London’s West End theaters won’t house smash shows like Hamilton and The Phantom of the Opera until some point next year, producers announced this week.
Famed producer Cameron Mackintosh – who runs the Delfont Mackintosh Theatres group – revealed that the aforementioned shows as well as Mary Poppins and Les Miserables would return “as early as practical in 2021.”
The decision was a “heartbreaking” one for Mackintosh, according to the Associated Press. England’s theaters have been shutdown since March due to the coronavirus pandemic and are taking a monumental hit rather than generating billions into the British economy, as much of the country’s arts and music industries do.
Mackintosh slammed the government for providing stage producers ”no tangible practical support beyond offers to go into debt,” along with its hesitancy to revise current social distancing rules. He added that the government’s “inability to say when the impossible constraints of social distancing will be lifted makes it equally impossible for us to properly plan for whatever the new future is.”

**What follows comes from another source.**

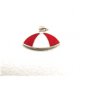 1960's Cap Beanie Hat Red & White Enamel Charm 61814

Nearly 100 theater artists – including the likes of James McAvoy and Emmy winner Phoebe Waller-Bridge – have also pleaded with the British government to help their industry in a letter detailing theaters’ current hardships.
“The pandemic has brought theater to its knees,” reads the letter. “Theaters do not have the money to operate viably with physical distancing. It is difficult to see venues opening before the end of the year.”
The status of Mackintosh’s West End shows could foreshadow the future for Broadway productions. All shows on the Great White Way will remain shuttered through Labor Day weekend, though it is unclear if an official reopening will occur in the fall. Mackintosh had previously claimed that he does not believe Broadway shows will resume operations until 2021.